DETAILED DESCRIPTION
The disclosure herein provides a method to heat a cooking vessel, in particular in the form of a (frying) pan, by means of an induction heating device, wherein the induction heating device comprises a resonant circuit with an induction heating coil. According to various embodiments described in detail below, the method may include supplying of a specified amount of energy to the cooking vessel by means of the induction heating device depending on a heating power level selected by a user and/or on a cooking vessel type selected by the user, subsequent determining and storing of a resulting parameter value of the resonant circuit, in particular of a natural resonant frequency of the resonant circuit or of a period duration associated with the natural resonant frequency, which is dependent on a temperature of the cooking vessel, in particular of the bottom of the cooking vessel, and closed-loop regulation or closed-loop control of the at least one parameter value to a setpoint which is dependent on the stored parameter value.

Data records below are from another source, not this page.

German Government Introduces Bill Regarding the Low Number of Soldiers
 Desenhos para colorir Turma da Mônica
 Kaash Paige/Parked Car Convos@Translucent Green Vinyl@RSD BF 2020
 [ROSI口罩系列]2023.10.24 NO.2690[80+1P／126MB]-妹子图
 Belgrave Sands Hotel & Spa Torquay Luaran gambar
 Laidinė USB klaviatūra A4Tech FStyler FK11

In an embodiment, the setpoint of the parameter value may be equal to the stored parameter value. In an embodiment, a signal may be output to a user after the specified amount of energy has been supplied to the cooking vessel. Further, in an embodiment, a specified heating power may be applied to the cooking vessel for a specified settling time after the specified amount of energy has been supplied to the cooking vessel and before the parameter value of the resonant circuit is determined and stored. Preferably, the settling time may be chosen to be between one second and 10 seconds, preferably equal to 5 seconds, and the specified heating power may be chosen to be between 10% and 50%, preferably equal to 25%, of a rated heating power.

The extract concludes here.